Les plaies du Christ portées sur la Croix deviennent de coups mortels ou blessures sanglantes (ὁ μώλωψ/ωπος) sources de vie. « Or, c’est à cause de nos révoltes qu’il a été transpercé, à cause de nos fautes qu’il a été broyé. Le châtiment qui nous donne la paix a pesé sur lui : par ses blessures, nous sommes guéris » (Is 53, 5). Le sacrifice sanglant est efficace car pour une fois la victime est totalement pure. Le bois de la malédiction apporte la bénédiction (Ga 3, 13 reprenant Dt 21, 23).

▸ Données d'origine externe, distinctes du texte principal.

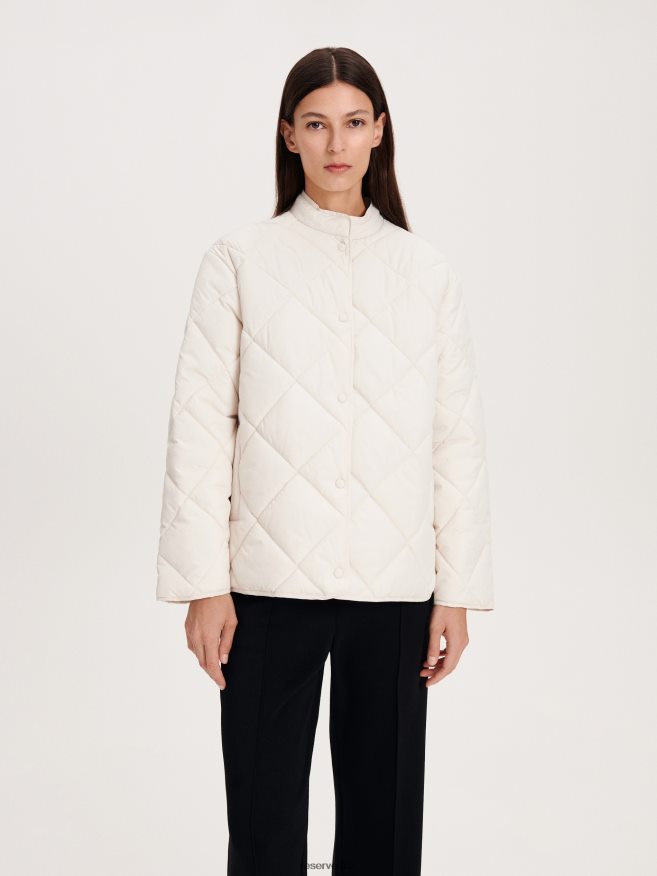 Reserved Women Quilted Jacket P6H08T898 Apparel Cream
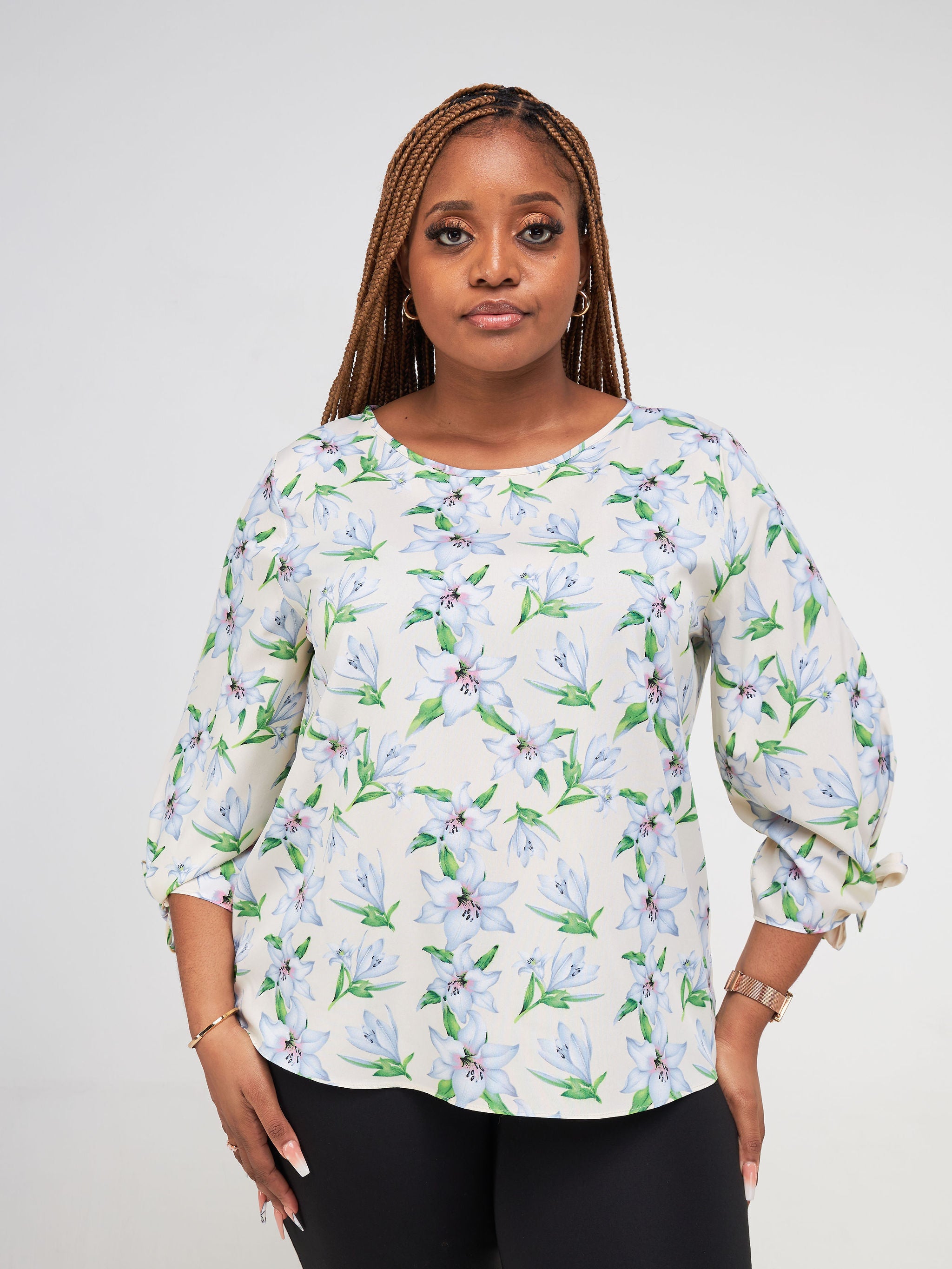 Vivo Furaha Tie Top - Green / Grey Floral Print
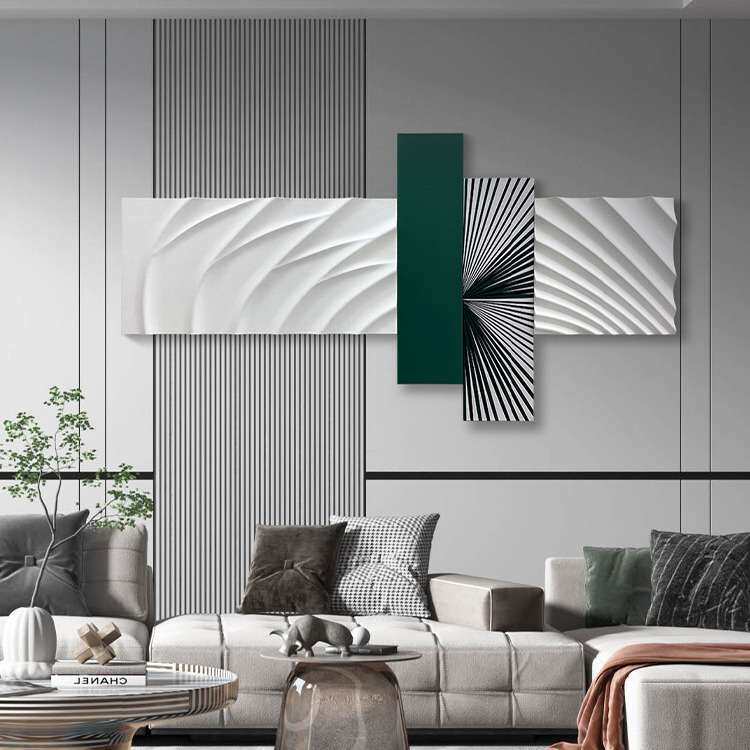 现代立体浮雕客厅沙发背景墙装饰画简约轻奢挂画横版壁画立体雕刻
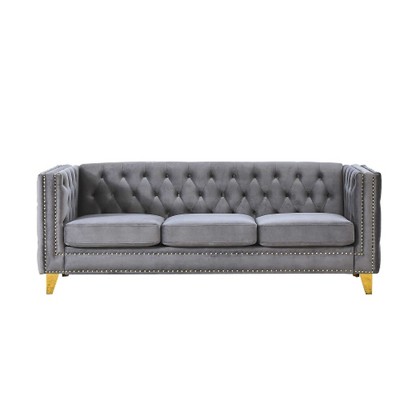 AENKYO 67" Velvet Chesterfield Sofa, Tufted Button-Tufted 3-Seater Couch with Metal Legs for Living Room, Beige/Balck/Gray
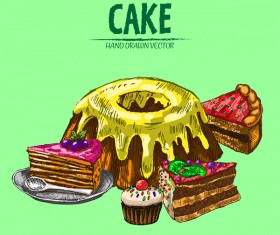 Vintage cake hand drawing vectors material 14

Le fruit de ce sacrifice est que nous ne sommes plus livrés à nous-mêmes, errants comme des brebis perdues (Is 53, 6) mais nous sommes maintenant confiés à celui qui nous a rachetés. Nous sommes ramenés du péché à la justice, de la mort à la vie (v. 24). Le Christ est le bon pasteur (τὸν ποιμένα) qui veut qu’aucune de ses brebis ne soit perdue et qui va laisser les 99 bien portantes pour rallier celle qui s’était égarée (ὡς πρόβατα πλανώμενα, cf. Mt 18, 12-13) pour la charger sur ses épaules. Il veille sur nos âmes (ἐπίσκοπον τῶν ψυχῶν ὑμῶν) pour accomplir la mission du père aimant qui ne voudrait perdre aucun de ceux qu’il a créés et rachetés. Laissons-nous docilement conduire au bercail, au havre de paix que devrait être l’Église.